Thursday, December 13, 2012

Temple Ruins Basing



This is a brief tutorial on creating temple ruin bases. I am using them on my brother Dan's Tau army. The aesthetic we are attempting is that of the sci-fi ancient temple world, as seen in many computer games, not the least of which being the old Marathon series, and its successor, Halo. This project is also intended to warm up my foam skills so I can do my Flames of War Paratrooper bases.

Tools and materials are bases (duh), high density foam, white glue, an exacto knife, ballpoint pen, pin-vise, hobby clippers, superglue and a small sewing pin.



For this model, I temorarially glued the Fire Warrior to the base using white glue to make him easier to paint. When he was nearly complete, I removed him and got to work on the base.


Taking a cue from Flames of War basing techniques, I scored the plastic base with my hobby knife. This is to help my white glue have enough of a texture to grab onto, since the foam I will work with here melts to superglue. I went a bit overzealous, and you can see that I went over onto the smooth edge.

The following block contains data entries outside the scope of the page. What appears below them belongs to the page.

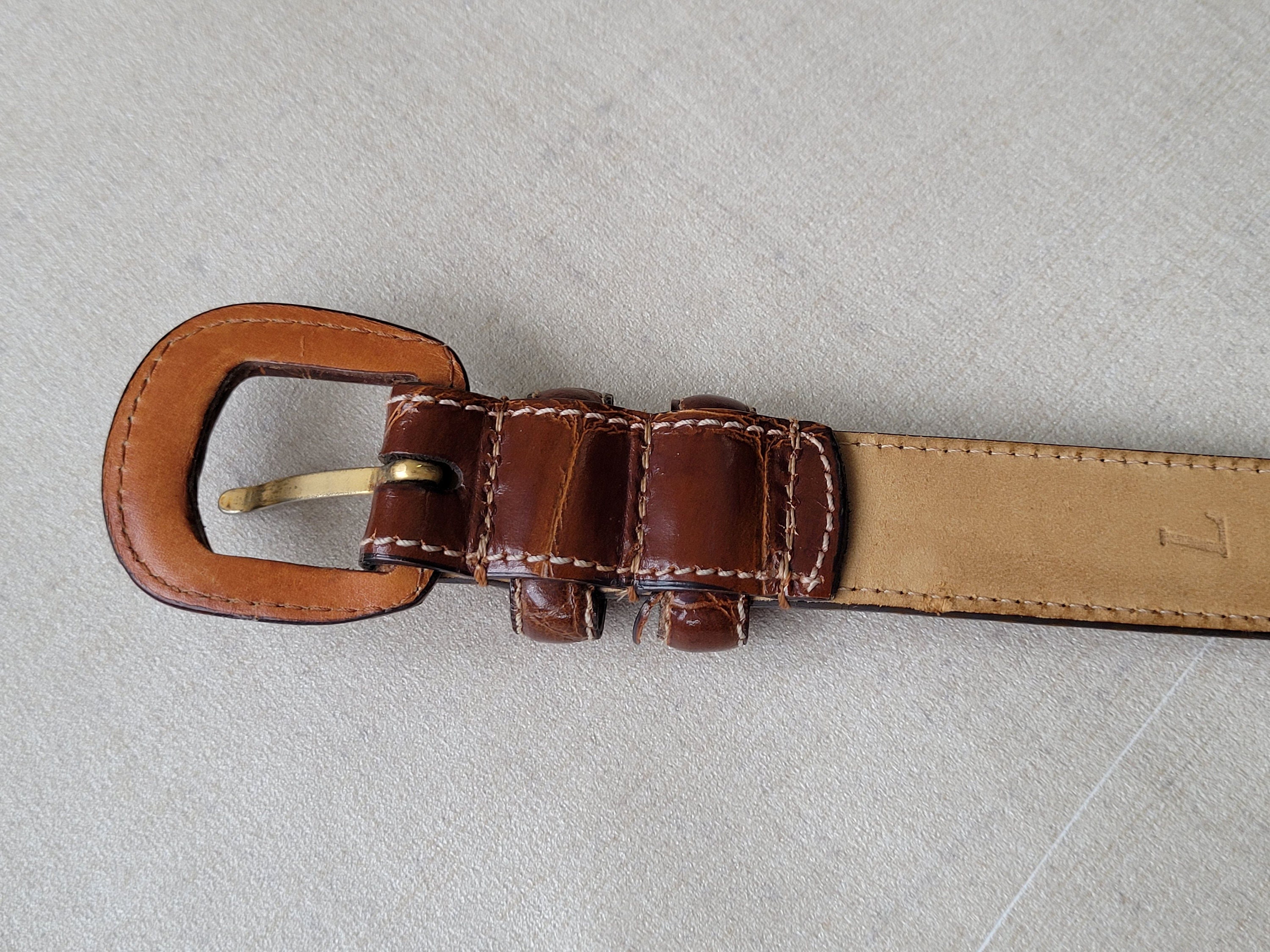 NORDSTROM Vintage Genuine Italian Leather Cognac Belt Cutout Squares Buy Designer Mens Belt Cognac Leather Laser Cut Squares  main image 4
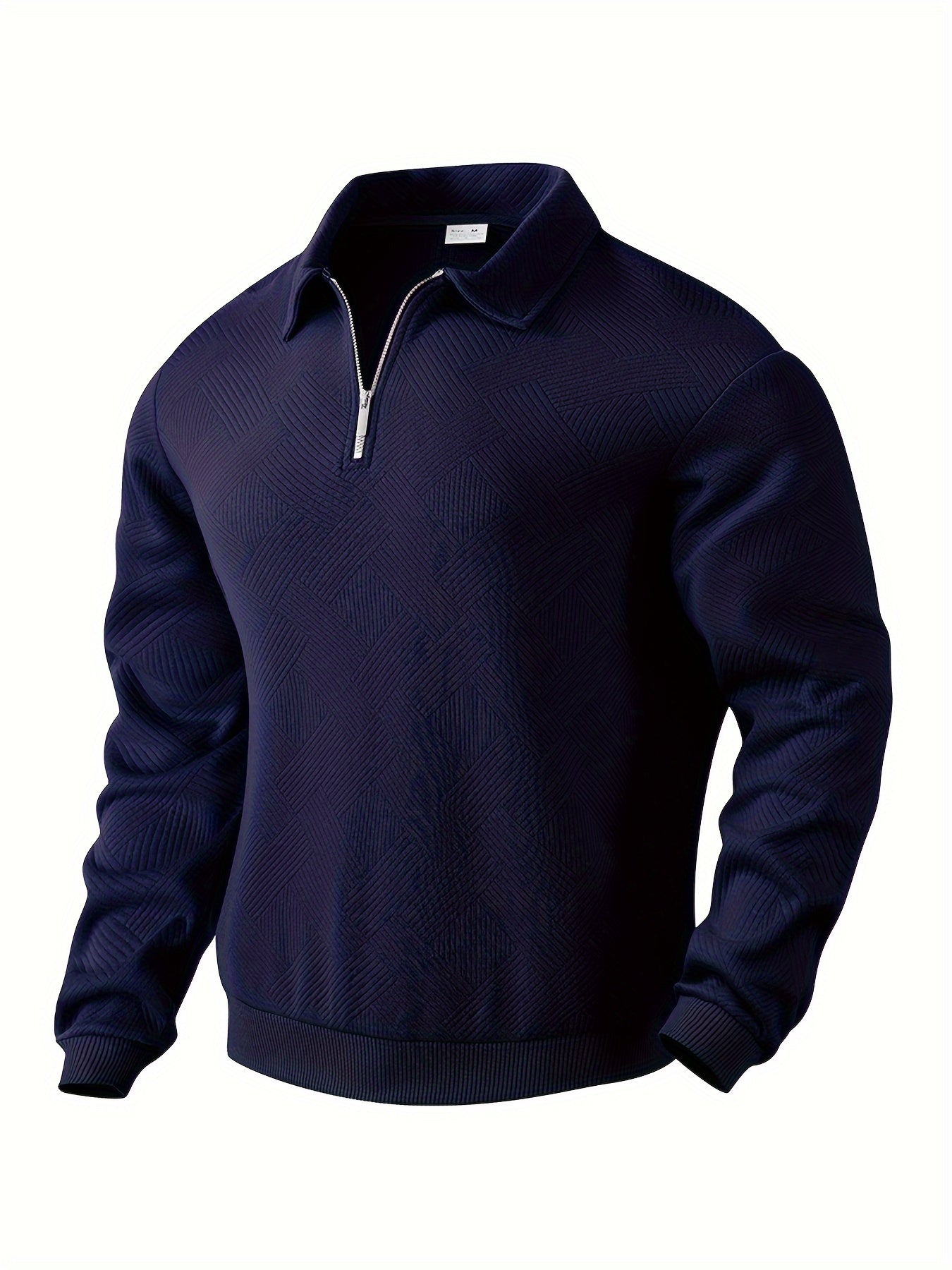 Elliot - Retro Zip-Up Sweater with Geometric Design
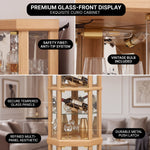Oak corner curio cabinet shown under warm natural and cool LED lighting
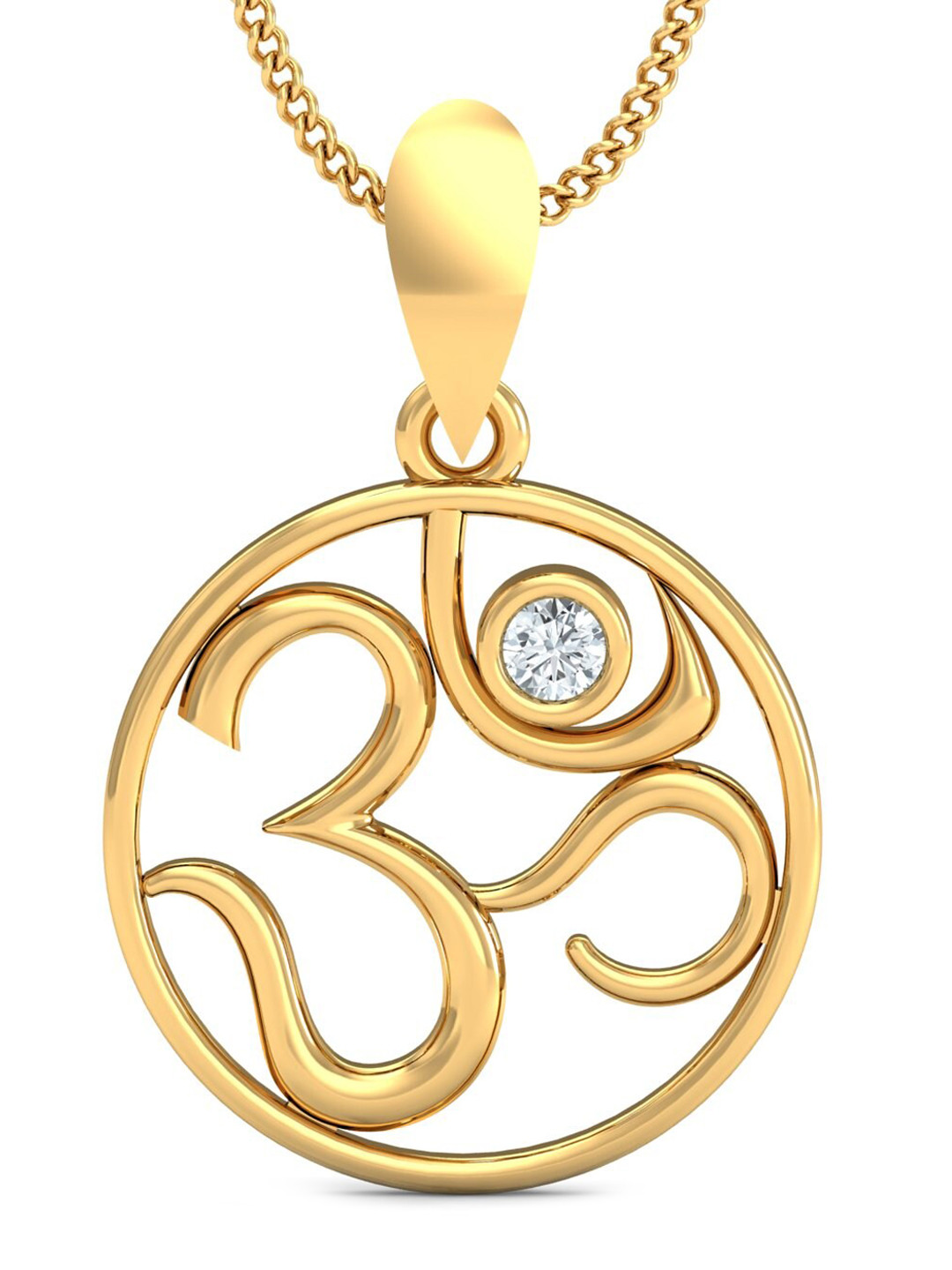 KUBERBOX Gold Om 18KT Gold Diamond-Studded Pendant-1.05gm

Next, I glued the blue foam to the base. I have precut a chunk just a little larger than the base. Doing this face-down allows the set-up to be weighted for a better bond between texturing foam and plastic.


When the glue dried, I flipped the assembly over, and cut the edges of the foam down to a little smaller than the base, and also trimmed it down to be a bit thinner. (I'll start thinner on the next one!). Then I created the stone floor texture by cutting grooves into the foam with the hubby knife and by scoring the shallower ones with the pen. I then rolled a rough-textured tool handle over the surface of the foam to give it a more stoney surface, and painted white glue over it to seal the foam.


Now the fun part! When the glue dried, I painted up the base to a good sand-stone color, using a progression of Vallejo Burn Sienna base coat, Khaki Grey, and a Bonewhite highlight. The cracks were then washed with black india ink. It's starting to look like the vision!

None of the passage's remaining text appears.